6 Reasons to be an Early Bird

 

  1. Your days are literally longer. By waking up early, you’re squeezing the most out of your day and have more time to do the things that you love to do, as well as the things that you have to do.
  2. It’s the most serene part of the day! I don’t know about anyone else, but I am always awake first at my place and I would never trade in an extra hour or two of sleep for my chunk of solitude in the morning. I make my breakfast listening to the birds and Sinbad, our squirrel who hangs out on the electrical line outside of our fire escape, instead of the hustle and bustle of the city swarming with commuters. When I wake up, the city is still more or less silent.
  3. Speaking of breakfast, when you wake up early you have more time to make and truly enjoy a healthy and hearty breakfast! What sounds better, eating a banana in your car on the way to work on a week day, or waking up a few minutes early to prepare a feast that will keep you going until lunch (or snack) time? Even on the weekends, if you sleep the day away, then you don’t have the time to relish in the fact that the whole beautiful, work-less day is ahead of you after you eat your delicious first meal!
  4. The morning is the perfect time to work out! By working out in the morning, you start your day in the most positive way possible; you treat your body to some endorphins right away, boosting the chances for a positive day and healthy choices throughout that day! Also, if you’re working out outside, you get to enjoy the morning beauty and some fresh air in your lungs before your daily obligations/routine.
  5. You sleep better at night! By waking up early, you’re most likely going to get tired a little earlier, and increase your chances for a good night’s sleep. I know that when I don’t get a solid night’s sleep I am a royal bitch/mindless zombie the next day, so I try to keep my sleep schedule pretty consistent.

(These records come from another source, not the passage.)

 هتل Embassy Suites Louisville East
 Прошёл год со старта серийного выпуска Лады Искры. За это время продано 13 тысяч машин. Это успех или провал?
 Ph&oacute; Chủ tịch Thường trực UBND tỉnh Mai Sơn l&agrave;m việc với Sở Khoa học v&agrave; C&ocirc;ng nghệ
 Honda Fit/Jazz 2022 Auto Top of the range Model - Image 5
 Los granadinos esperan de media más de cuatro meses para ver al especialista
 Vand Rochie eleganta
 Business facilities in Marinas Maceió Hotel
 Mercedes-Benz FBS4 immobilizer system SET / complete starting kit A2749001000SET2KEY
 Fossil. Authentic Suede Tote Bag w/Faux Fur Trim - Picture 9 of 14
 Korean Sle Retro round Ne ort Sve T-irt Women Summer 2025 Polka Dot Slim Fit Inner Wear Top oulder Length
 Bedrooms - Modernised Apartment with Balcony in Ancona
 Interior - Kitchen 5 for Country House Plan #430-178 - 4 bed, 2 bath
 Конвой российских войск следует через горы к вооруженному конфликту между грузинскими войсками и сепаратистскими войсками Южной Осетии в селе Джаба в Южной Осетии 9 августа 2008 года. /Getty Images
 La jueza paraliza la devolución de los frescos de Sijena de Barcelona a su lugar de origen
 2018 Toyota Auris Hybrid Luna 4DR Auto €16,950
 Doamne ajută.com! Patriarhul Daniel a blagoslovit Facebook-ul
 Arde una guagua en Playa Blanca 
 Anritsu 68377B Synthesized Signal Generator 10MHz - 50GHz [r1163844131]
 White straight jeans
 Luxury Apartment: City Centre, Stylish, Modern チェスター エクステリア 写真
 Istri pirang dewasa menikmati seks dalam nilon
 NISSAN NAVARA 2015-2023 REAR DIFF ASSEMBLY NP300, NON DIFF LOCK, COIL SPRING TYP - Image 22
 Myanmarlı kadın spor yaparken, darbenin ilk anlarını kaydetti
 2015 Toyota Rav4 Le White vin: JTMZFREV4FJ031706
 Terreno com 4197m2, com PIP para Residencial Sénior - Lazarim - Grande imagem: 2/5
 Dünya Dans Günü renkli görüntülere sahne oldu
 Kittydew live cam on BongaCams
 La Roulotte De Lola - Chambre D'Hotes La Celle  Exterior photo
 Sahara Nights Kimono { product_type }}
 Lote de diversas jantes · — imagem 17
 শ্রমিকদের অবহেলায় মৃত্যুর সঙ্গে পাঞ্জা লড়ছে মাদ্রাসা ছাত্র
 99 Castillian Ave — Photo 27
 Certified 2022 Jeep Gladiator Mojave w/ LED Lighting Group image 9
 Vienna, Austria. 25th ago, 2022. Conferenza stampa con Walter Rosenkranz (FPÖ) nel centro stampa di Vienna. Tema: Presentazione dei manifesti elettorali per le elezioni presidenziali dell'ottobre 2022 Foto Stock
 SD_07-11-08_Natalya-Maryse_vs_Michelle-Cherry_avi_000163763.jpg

By waking up early and packing as much as I can into my day, I fall asleep because I am tired, not because I am trying to force myself to get some z’s in. And better yet, I go to sleep with the knowledge that my day was used to its fullest potential.
  6. You have more energy throughout the day! This is a BIGGIE for me. I am naturally a very energetic and enthusiastic person, but if I stay up too late one night and set my alarm a few minutes or so later than I normally do, I don’t have the same spring in my step during the day that I normally would. If I don’t give myself enough time in the morning to fully wake up before I hustle off to work or any other commitments, I am still tired and in the process of waking up when I get there instead of awake, alert, and prepared for the day ahead. Plus, when I give myself enough time to fully wake up in the morning, I have more time to put on a sick outfit, give myself an awesome hair do, and look my best.

I am, always have been, and always will be an early bird. I truly feel that I get that worm.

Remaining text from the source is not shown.